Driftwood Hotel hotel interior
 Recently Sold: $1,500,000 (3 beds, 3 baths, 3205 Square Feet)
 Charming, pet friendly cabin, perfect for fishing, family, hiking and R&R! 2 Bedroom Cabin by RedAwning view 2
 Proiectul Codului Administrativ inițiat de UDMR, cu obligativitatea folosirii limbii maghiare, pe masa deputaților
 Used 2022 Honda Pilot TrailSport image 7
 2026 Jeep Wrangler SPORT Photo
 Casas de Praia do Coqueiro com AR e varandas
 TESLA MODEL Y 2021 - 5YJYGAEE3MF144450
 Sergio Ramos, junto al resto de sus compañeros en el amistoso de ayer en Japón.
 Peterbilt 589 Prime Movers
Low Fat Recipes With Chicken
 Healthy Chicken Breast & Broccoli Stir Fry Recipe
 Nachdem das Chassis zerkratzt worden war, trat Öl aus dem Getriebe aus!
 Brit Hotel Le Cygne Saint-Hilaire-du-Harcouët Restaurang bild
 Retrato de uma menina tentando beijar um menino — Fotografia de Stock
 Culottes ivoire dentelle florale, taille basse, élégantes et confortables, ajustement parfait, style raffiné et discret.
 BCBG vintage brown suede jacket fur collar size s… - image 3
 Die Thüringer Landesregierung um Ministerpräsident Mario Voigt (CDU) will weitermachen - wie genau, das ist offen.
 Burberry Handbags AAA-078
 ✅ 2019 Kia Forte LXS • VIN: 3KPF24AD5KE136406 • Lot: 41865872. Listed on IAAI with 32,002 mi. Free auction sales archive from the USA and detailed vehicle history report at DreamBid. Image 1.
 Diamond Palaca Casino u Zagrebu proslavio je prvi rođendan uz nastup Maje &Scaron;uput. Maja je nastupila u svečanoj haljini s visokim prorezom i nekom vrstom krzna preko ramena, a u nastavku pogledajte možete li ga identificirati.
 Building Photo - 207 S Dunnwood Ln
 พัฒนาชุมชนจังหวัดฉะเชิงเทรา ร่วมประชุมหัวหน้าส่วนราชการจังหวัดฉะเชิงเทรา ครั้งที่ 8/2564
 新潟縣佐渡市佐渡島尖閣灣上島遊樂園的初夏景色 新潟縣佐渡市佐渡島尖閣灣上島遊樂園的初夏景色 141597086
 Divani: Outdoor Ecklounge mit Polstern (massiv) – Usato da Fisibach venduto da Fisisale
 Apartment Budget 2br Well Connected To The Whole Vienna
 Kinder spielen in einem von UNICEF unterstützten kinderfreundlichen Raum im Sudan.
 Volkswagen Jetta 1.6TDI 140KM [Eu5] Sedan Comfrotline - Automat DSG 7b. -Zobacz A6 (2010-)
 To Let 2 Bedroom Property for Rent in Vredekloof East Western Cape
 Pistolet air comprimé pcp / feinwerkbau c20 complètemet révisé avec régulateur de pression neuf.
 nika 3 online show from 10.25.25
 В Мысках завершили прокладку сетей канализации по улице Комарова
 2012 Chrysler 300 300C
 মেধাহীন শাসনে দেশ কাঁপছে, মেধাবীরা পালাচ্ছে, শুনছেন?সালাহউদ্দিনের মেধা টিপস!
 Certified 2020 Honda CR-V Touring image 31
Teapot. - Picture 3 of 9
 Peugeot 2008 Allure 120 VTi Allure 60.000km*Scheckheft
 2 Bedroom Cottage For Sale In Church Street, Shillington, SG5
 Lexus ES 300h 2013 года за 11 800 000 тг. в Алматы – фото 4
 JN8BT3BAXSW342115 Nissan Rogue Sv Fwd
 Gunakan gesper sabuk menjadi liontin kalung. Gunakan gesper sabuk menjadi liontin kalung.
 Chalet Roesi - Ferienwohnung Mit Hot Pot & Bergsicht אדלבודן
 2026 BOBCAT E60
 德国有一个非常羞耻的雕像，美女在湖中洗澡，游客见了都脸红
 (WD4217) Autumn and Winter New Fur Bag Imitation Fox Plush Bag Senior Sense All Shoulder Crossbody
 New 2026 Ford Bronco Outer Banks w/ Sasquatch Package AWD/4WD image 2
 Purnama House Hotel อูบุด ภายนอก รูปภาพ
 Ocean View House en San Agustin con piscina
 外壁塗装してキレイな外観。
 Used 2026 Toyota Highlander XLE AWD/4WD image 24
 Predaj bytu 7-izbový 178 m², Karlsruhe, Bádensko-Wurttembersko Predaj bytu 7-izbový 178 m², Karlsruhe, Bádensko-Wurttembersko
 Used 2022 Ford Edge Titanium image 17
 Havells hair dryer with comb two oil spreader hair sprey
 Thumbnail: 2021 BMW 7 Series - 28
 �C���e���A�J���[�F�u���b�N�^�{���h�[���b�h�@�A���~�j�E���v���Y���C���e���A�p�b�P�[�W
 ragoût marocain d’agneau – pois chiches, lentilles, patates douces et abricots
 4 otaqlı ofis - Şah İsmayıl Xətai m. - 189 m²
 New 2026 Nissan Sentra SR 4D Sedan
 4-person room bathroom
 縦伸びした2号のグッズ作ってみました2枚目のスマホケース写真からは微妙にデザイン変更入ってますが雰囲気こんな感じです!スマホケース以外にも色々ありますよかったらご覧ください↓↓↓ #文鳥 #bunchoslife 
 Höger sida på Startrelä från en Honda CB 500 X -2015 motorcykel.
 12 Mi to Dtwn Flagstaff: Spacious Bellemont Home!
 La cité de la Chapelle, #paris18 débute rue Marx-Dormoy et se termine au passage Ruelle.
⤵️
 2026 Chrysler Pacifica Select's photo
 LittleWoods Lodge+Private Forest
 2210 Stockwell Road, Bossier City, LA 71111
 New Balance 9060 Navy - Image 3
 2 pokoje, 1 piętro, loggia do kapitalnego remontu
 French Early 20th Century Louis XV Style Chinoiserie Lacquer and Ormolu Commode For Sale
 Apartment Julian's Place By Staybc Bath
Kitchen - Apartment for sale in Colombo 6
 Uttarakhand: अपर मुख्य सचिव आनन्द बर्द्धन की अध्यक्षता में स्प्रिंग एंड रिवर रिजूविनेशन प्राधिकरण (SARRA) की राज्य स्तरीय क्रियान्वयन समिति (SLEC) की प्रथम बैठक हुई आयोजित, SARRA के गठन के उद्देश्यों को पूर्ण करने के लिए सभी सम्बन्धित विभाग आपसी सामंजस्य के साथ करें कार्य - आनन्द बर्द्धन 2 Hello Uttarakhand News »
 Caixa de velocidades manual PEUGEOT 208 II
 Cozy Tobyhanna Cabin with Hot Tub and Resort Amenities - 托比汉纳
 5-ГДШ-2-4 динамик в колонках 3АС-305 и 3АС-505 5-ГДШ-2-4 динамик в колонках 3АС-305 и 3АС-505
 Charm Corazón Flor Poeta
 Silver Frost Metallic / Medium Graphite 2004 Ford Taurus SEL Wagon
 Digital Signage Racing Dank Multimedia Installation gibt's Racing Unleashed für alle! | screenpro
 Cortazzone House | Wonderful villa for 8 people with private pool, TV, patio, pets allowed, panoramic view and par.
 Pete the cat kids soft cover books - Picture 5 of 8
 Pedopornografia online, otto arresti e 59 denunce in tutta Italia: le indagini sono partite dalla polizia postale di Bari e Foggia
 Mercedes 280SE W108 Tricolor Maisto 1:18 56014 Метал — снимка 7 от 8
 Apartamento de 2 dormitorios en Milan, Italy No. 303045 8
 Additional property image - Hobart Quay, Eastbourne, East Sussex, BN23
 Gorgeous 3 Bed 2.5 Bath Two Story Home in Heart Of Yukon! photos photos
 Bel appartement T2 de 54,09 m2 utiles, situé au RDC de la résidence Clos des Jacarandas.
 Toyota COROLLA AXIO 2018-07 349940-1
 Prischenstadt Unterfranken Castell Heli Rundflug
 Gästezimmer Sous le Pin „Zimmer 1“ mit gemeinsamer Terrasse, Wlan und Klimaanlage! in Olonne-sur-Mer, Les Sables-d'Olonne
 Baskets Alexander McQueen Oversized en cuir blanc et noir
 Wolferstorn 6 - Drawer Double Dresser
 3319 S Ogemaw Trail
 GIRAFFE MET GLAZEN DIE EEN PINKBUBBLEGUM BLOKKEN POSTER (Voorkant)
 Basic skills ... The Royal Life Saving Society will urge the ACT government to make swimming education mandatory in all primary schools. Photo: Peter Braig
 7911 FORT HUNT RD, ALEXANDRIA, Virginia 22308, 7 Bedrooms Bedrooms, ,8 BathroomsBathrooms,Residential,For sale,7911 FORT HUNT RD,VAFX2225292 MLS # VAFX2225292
════════
Exercise requirements ->
Begin at the line above that has "Burberry Handbags AAA-078" and stop after the line that has "Used 2026 Toyota", copying each line exactly and adding nothing else.

Output below ->
 Burberry Handbags AAA-078
 ✅ 2019 Kia Forte LXS • VIN: 3KPF24AD5KE136406 • Lot: 41865872. Listed on IAAI with 32,002 mi. Free auction sales archive from the USA and detailed vehicle history report at DreamBid. Image 1.
 Diamond Palaca Casino u Zagrebu proslavio je prvi rođendan uz nastup Maje &Scaron;uput. Maja je nastupila u svečanoj haljini s visokim prorezom i nekom vrstom krzna preko ramena, a u nastavku pogledajte možete li ga identificirati.
 Building Photo - 207 S Dunnwood Ln
 พัฒนาชุมชนจังหวัดฉะเชิงเทรา ร่วมประชุมหัวหน้าส่วนราชการจังหวัดฉะเชิงเทรา ครั้งที่ 8/2564
 新潟縣佐渡市佐渡島尖閣灣上島遊樂園的初夏景色 新潟縣佐渡市佐渡島尖閣灣上島遊樂園的初夏景色 141597086
 Divani: Outdoor Ecklounge mit Polstern (massiv) – Usato da Fisibach venduto da Fisisale
 Apartment Budget 2br Well Connected To The Whole Vienna
 Kinder spielen in einem von UNICEF unterstützten kinderfreundlichen Raum im Sudan.
 Volkswagen Jetta 1.6TDI 140KM [Eu5] Sedan Comfrotline - Automat DSG 7b. -Zobacz A6 (2010-)
 To Let 2 Bedroom Property for Rent in Vredekloof East Western Cape
 Pistolet air comprimé pcp / feinwerkbau c20 complètemet révisé avec régulateur de pression neuf.
 nika 3 online show from 10.25.25
 В Мысках завершили прокладку сетей канализации по улице Комарова
 2012 Chrysler 300 300C
 মেধাহীন শাসনে দেশ কাঁপছে, মেধাবীরা পালাচ্ছে, শুনছেন?সালাহউদ্দিনের মেধা টিপস!
 Certified 2020 Honda CR-V Touring image 31
Teapot. - Picture 3 of 9
 Peugeot 2008 Allure 120 VTi Allure 60.000km*Scheckheft
 2 Bedroom Cottage For Sale In Church Street, Shillington, SG5
 Lexus ES 300h 2013 года за 11 800 000 тг. в Алматы – фото 4
 JN8BT3BAXSW342115 Nissan Rogue Sv Fwd
 Gunakan gesper sabuk menjadi liontin kalung. Gunakan gesper sabuk menjadi liontin kalung.
 Chalet Roesi - Ferienwohnung Mit Hot Pot & Bergsicht אדלבודן
 2026 BOBCAT E60
 德国有一个非常羞耻的雕像，美女在湖中洗澡，游客见了都脸红
 (WD4217) Autumn and Winter New Fur Bag Imitation Fox Plush Bag Senior Sense All Shoulder Crossbody
 New 2026 Ford Bronco Outer Banks w/ Sasquatch Package AWD/4WD image 2
 Purnama House Hotel อูบุด ภายนอก รูปภาพ
 Ocean View House en San Agustin con piscina
 外壁塗装してキレイな外観。
 Used 2026 Toyota Highlander XLE AWD/4WD image 24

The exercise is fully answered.